優しい手①~戦国:石田三成~【完】
完全に熟睡してしまったのを見計らい、景虎は身体に絡まった桃の腕を解いた。

そして一息ついてさあ眠ろう、と思った時…


「ん……」


「!!」


布団が蹴られ、寝返りをこちら側に打ってきて、景虎は何もかもを目撃してしまった。


太股まで捲れ上がった浴衣と、完全に見えてしまっている胸――


血流が体中を巡り、父の…謙信の正妻になるかもしれないという女子には絶対に手を出せない。


「…地獄だ…」


そう呟き、それでもその光景から目を離せずに、恐る恐る桃の頬に手を伸ばすとやわらかい弾力が手に伝わってくる。

あちこち触りたくて仕方がなかったが、何とか耐えて、結局朝まで眠ることができず――


朝日が射してきた瞬間、景虎は身を起こすと桃の肩を揺すった。


「桃姫、朝です。早朝発たねば行軍に追いつけません。姫…」


「ん、まだ眠たいよ…三成さん……」


「…!」


――もう男女の仲になってしまっているのだろうか?

父は…それを知っていてなおこの女子を求めるのか?


「桃……姫。朝です。置いて行きますよ」


耳元で囁くと、それは劇的に効果を発揮して桃が飛び起きた。


「え、朝!?やだ、寝過ごしちゃった!?景虎さんおはようございます!行こ、今すぐ行こ!」


「は、はい。その前にお召し物を…」


――あれを着て行こう。

桃はそう決めていて、部屋の隅に置いてあるはずのバッグを指さした。


「あの中に私の服が入ってるの。

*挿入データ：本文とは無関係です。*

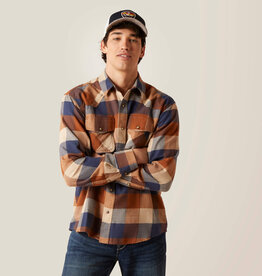 Ariat Ariat Mens Haider Mahogany Retro Snap Flannel Long Sleeve Shirt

持って来てもらっていい?」


「どうぞ」


桃が取り出したのはセーラー服。

景虎が居るのはわかっていたが、一応声をかけて浴衣に手をかける。


「景虎さん、ちょっとだけ後ろ向いててもらってもいい?」


「え?はい」


言われるがままに背を向けると、何かごそごそと音がして、つい振り向いてしまった景虎の眼前には…


浴衣を脱いで、ショーツ一枚の姿になった桃が、ブラをつけようと苦戦している後ろ姿が飛び込んできた。


「………綺麗、だ…」


「え?今何か言った?」


「い、いえ、何も!」


桃姫は父上の正妻!

…そう言い聞かせた。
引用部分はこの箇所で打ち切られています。